Rasmussen-Torvik Laura J, Furmanchuk Al'ona, Stoddard Alexander J, Osinski Kristen I, Meurer John R, Smith Nicholas, Chrischilles Elizabeth, Black Bernard S, Kho Abel
Department of Preventive Medicine, Northwestern University Feinberg School of Medicine, Chicago, IL 60611.
Center for Health Information Partnerships, Northwestern University Feinberg School of Medicine, Chicago, IL 60611.
Int J Popul Data Sci. 2020;5(1). doi: 10.23889/ijpds.v5i1.1156. Epub 2020 Apr 2.
Few studies have addressed how to select a study sample when using electronic health record (EHR) data.
To examine how changing criterion for number of visits in EHR data required for inclusion in a study sample would impact one basic epidemiologic measure: estimates of disease period prevalence.

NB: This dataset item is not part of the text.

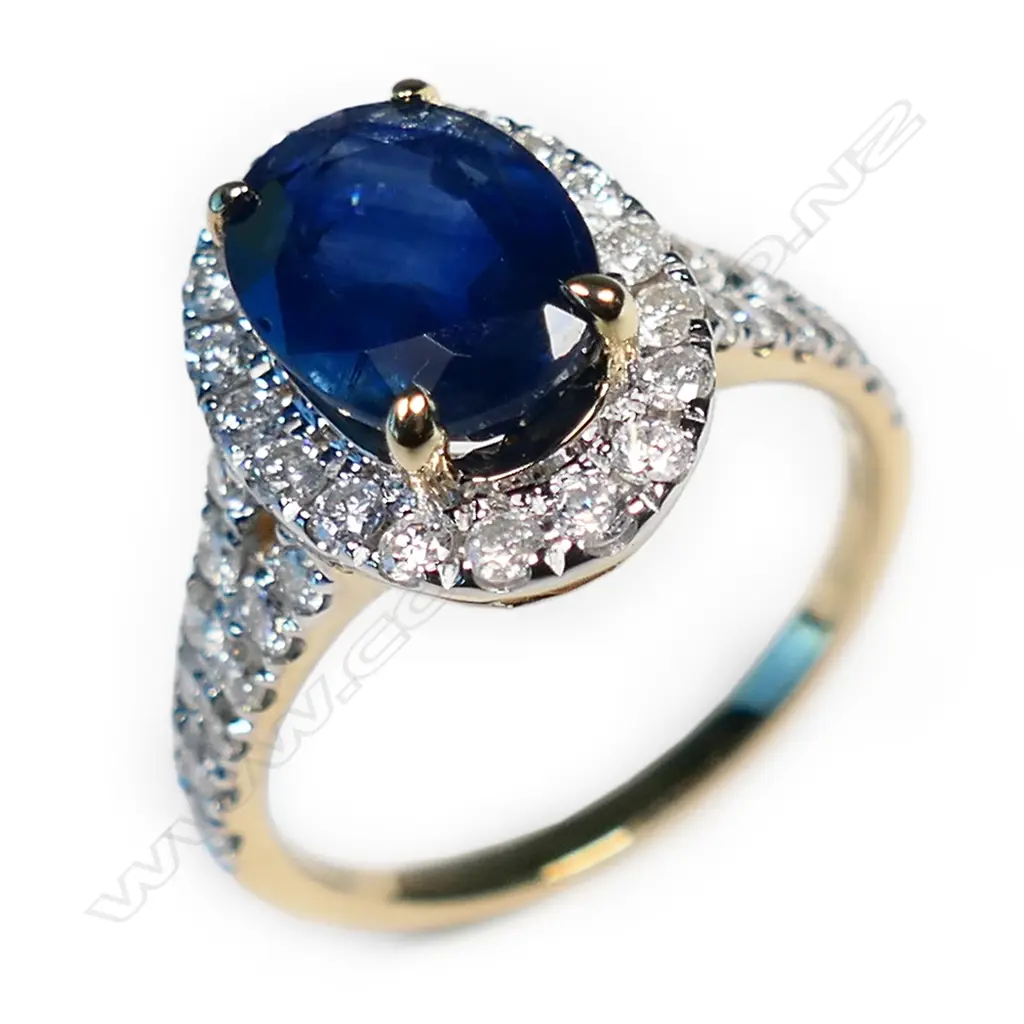 A 14ct gold sapphire and diamond halo ring, Image 1++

Year 2016 EHR data from three Midwestern health systems (Northwestern Medicine in Illinois, University of Iowa Health Care, and Froedtert & the Medical College of Wisconsin, all regional tertiary health care systems including hospitals and clinics) was used to examine how alternate definitions of the study sample, based on number of healthcare visits in one year, affected measures of disease period prevalence. In 2016, each of these health systems saw between 160,000 and 420,000 unique patients. Curated collections of ICD-9, ICD-10, and SNOMED codes (from CMS-approved electronic clinical quality measures) were used to define three diseases: acute myocardial infarction, asthma, and diabetic nephropathy).
Across all health systems, increasing the minimum required number of visits to be included in the study sample monotonically increased crude period prevalence estimates. The rate at which prevalence estimates increased with number of visits varied across sites and across diseases.

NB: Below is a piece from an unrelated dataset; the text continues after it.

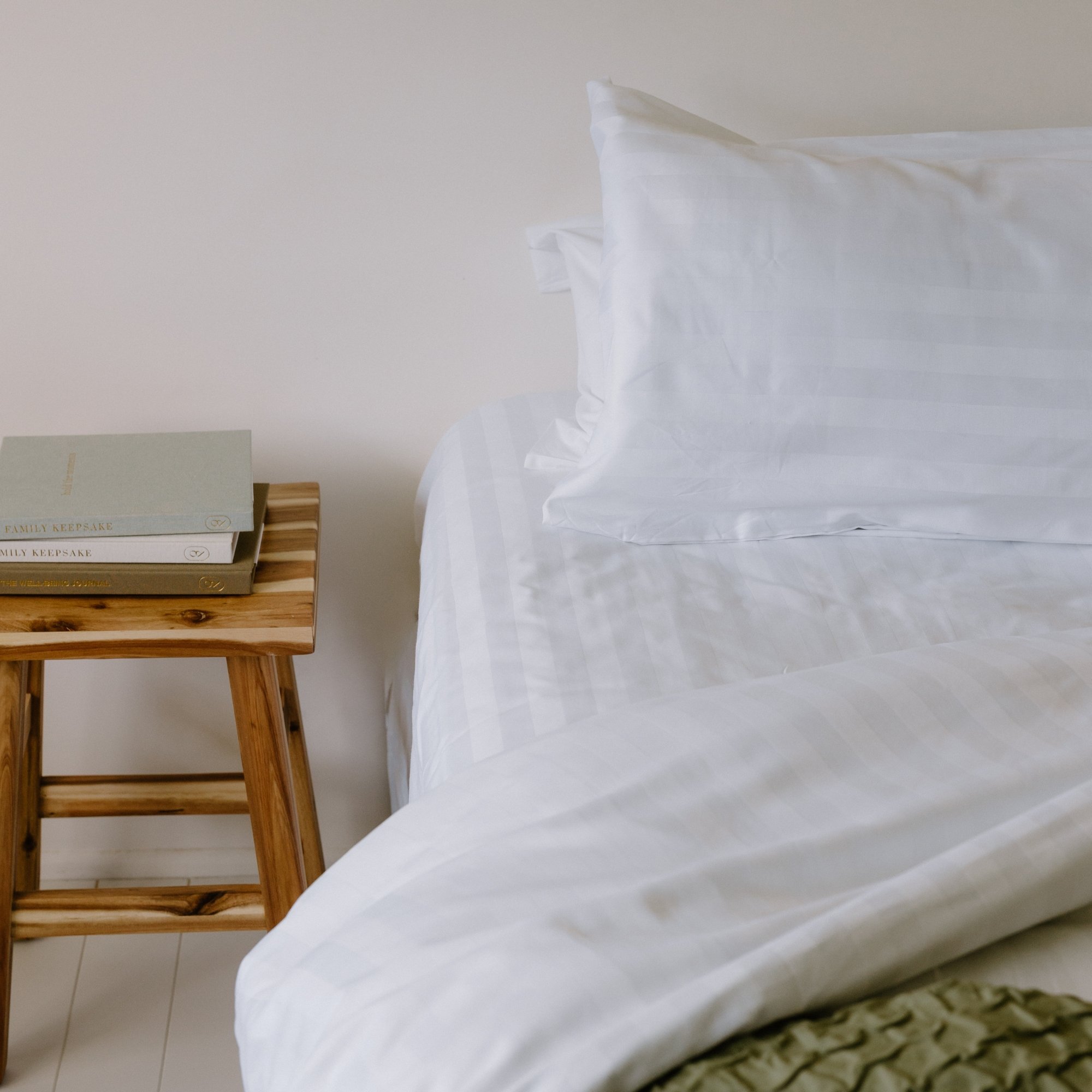 A neatly made bed with white striped sheets and pillows, next to a wooden nightstand with stacked books on top.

In addition to providing thorough descriptions of case definitions, when using EHR data authors must carefully describe how a study sample is identified and report data for a range of sample definitions, including minimum number of visits, so that others can assess the sensitivity of reported results to sample definition in EHR data.
很少有研究探讨在使用电子健康记录(EHR)数据时如何选择研究样本。
研究改变纳入研究样本所需的EHR数据就诊次数标准如何影响一项基本的流行病学指标:疾病期间患病率估计值。

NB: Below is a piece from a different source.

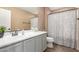 Bathroom with a large mirror, white cabinets, and a shower with a patterned curtain at 2607 W Gray Wolf Trl, Phoenix, AZ 85085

使用来自三个中西部医疗系统(伊利诺伊州的西北医学中心、爱荷华大学医疗保健中心以及弗罗伊德尔特与威斯康星医学院,均为包括医院和诊所的地区三级医疗保健系统)的2016年EHR数据,来检验基于一年中医疗就诊次数的研究样本替代定义如何影响疾病期间患病率的测量。2016年,这些医疗系统中的每个系统都接待了160,000至420,000名不同的患者。使用经过整理的ICD - 9、ICD - 10和SNOMED代码集(来自CMS批准的电子临床质量指标)来定义三种疾病:急性心肌梗死、哮喘和糖尿病肾病)。
在所有医疗系统中,增加纳入研究样本所需的最低就诊次数会单调增加粗期间患病率估计值。患病率估计值随就诊次数增加的速率在不同地点和不同疾病之间有所不同。
除了对病例定义进行详尽描述外,在使用EHR数据时,作者必须仔细描述如何确定研究样本,并报告一系列样本定义的数据,包括最低就诊次数,以便其他人能够评估EHR数据中报告结果对样本定义的敏感性。